Geht das mit der Hardware Unterstützung und welches Linux unterstützt Laptops gut und Welches ist für Anfänger gut.

Mit Freundlichen Gruß

draxx


----------



## zerix (13. März 2008)

Hallo,

also ich glaube nicht, dass so großartig Strom gespart wird.

Schau dir mal Ubuntu oder SuSe an. Sind beides Distris, die eigentlich ziemlich leicht zu handhaben sind.

Es gibt von beiden Live-Cds. Da kannst du es dir anschauen, ohne was zu installieren.

MFG

Sascha


----------



## Draxx (13. März 2008)

Nicht?
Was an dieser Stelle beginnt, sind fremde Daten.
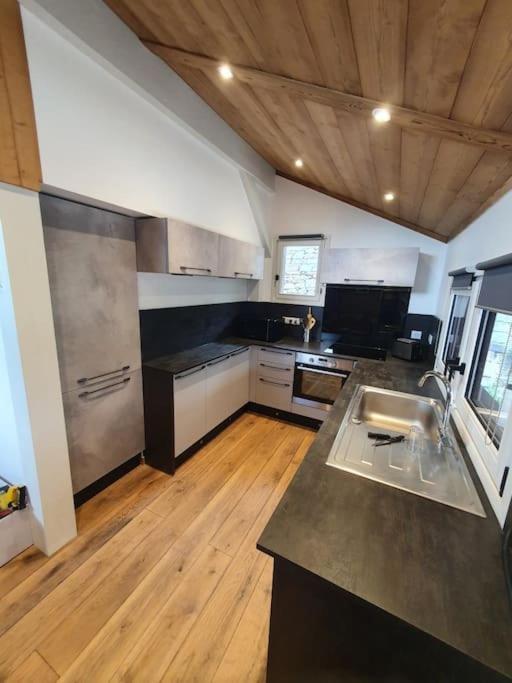 Chalet La Plagne Montalbert Pied Des Pistes Bagian luar foto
Naja der muss bei mir im Windows viel laden da viel Programme und das Linux soll dann nur zum Surfen und Arbeiten da sein (wegen schule und so)


----------



## Sukrim (13. März 2008)

Ich glaube kaum, dass die Festplatte im Vergleich zum Bildschirm, Prozessor und Grafikkarte so viel Strom verbraucht (ich habe übrigens dasselbe Modell!)

Wieso sollte Linux auch weniger Festplattenzugriffe haben? Ich denke, da müsstest du dann auch schon recht viel rumbasteln (vielleicht Gentoo?) um da wirklich noch merklich was zu optimieren...

(ahja: "Kumminikationsgeräte" )


----------



## Draxx (13. März 2008)

Hmm also lohnt sich ehr nicht?


----------



## zerix (13. März 2008)

Also zum ausprobieren und Linux mal zu testen, lohnt es sich schon, aber nicht um Strom zu sparen.

MFG

Sascha


----------



## Draxx (13. März 2008)

Gut dann werde ich das lassen gibts vielleicht andere tools die sich für windows empfehlen? Zecks Tuning auser Tuneup Utilitys?


----------



## zerix (13. März 2008)

Naja, da gibt es einiges. Zuviel um hier etwas davon zu posten.

Suche einfach mal bei Google nach Windows tunen. Du musst entscheiden was dich am besten anspricht. 

Meiner Meinung nach reicht TuneUp Utilities vollkommen aus.


----------



## Draxx (13. März 2008)

Welches Programm ist zum beschleunigen geeignet, weil Tuneup hab ich schon drauf aber das 2007 lohnt 2008 oder eher egal?


----------



## zerix (13. März 2008)

Ich kenne leider die Änderungen nicht. Aber ich glaube nicht, dass es da allzu große unterschiede geben wird.

MFG

Sascha


----------



## Dennis Wronka (13. März 2008)

Also ich seh da was von Centrino und kann Dir somit sagen dass Du keine Probleme haben solltest.
Mein ThinkPad hat einen Centrino-Sticker und mit Fedora (zuvor 7, aktuell 8, bald 9) funktioniert alles, und zwar out-of-the-box.


----------



## Draxx (13. März 2008)

wichtig ist mir halt die "durchhalt" Dauer des Akkus wegen kabellosen arbeiten.


----------



## Dennis Wronka (13. März 2008)

Ich denke unter Linux kannst Du, im Vergleich zu Windows etwas Energie sparen indem Du z.B. nur benoetigten Kram laufen laesst.
Unter Windows ist das ja immer so eine Sache mit den Diensten.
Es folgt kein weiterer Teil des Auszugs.